#### How to complete this task
Go to the line with "Ethnic Motifs Embroidered" in the records below, then output it and each following line exactly, up to and including the line with "AC&Co / Altınyıldız". Skip pictures and add nothing.

Start of Data for analysis

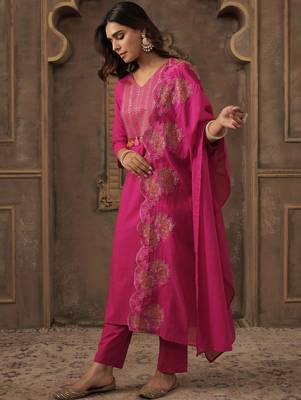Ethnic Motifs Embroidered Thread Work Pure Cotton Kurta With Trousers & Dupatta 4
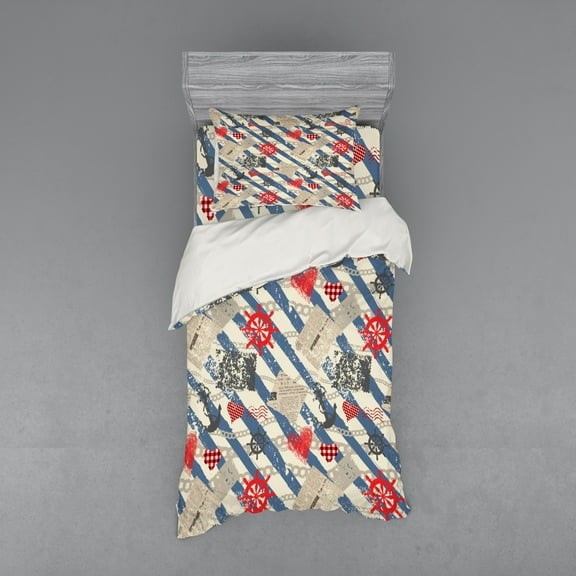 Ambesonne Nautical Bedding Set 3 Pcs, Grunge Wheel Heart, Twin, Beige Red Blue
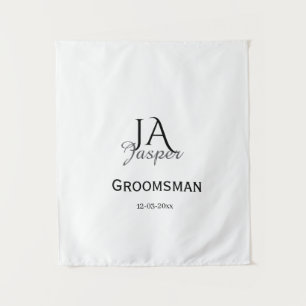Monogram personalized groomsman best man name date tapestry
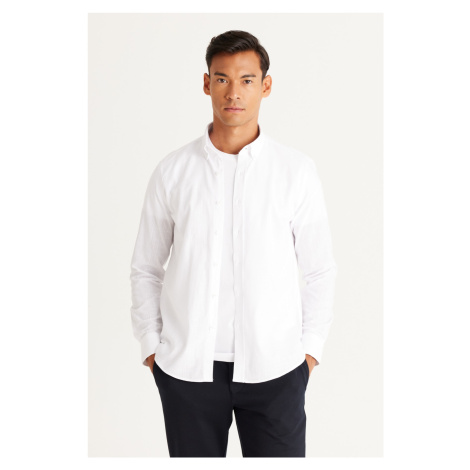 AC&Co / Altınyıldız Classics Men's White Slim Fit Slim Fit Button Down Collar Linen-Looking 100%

End of Data for analysis
Start of Data for analysis

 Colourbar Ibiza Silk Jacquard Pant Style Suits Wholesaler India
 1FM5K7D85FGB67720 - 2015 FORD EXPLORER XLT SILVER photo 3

End of Data for analysis

#### Exercise result
Ethnic Motifs Embroidered Thread Work Pure Cotton Kurta With Trousers & Dupatta 4
 Ambesonne Nautical Bedding Set 3 Pcs, Grunge Wheel Heart, Twin, Beige Red Blue
Monogram personalized groomsman best man name date tapestry
 AC&Co / Altınyıldız Classics Men's White Slim Fit Slim Fit Button Down Collar Linen-Looking 100%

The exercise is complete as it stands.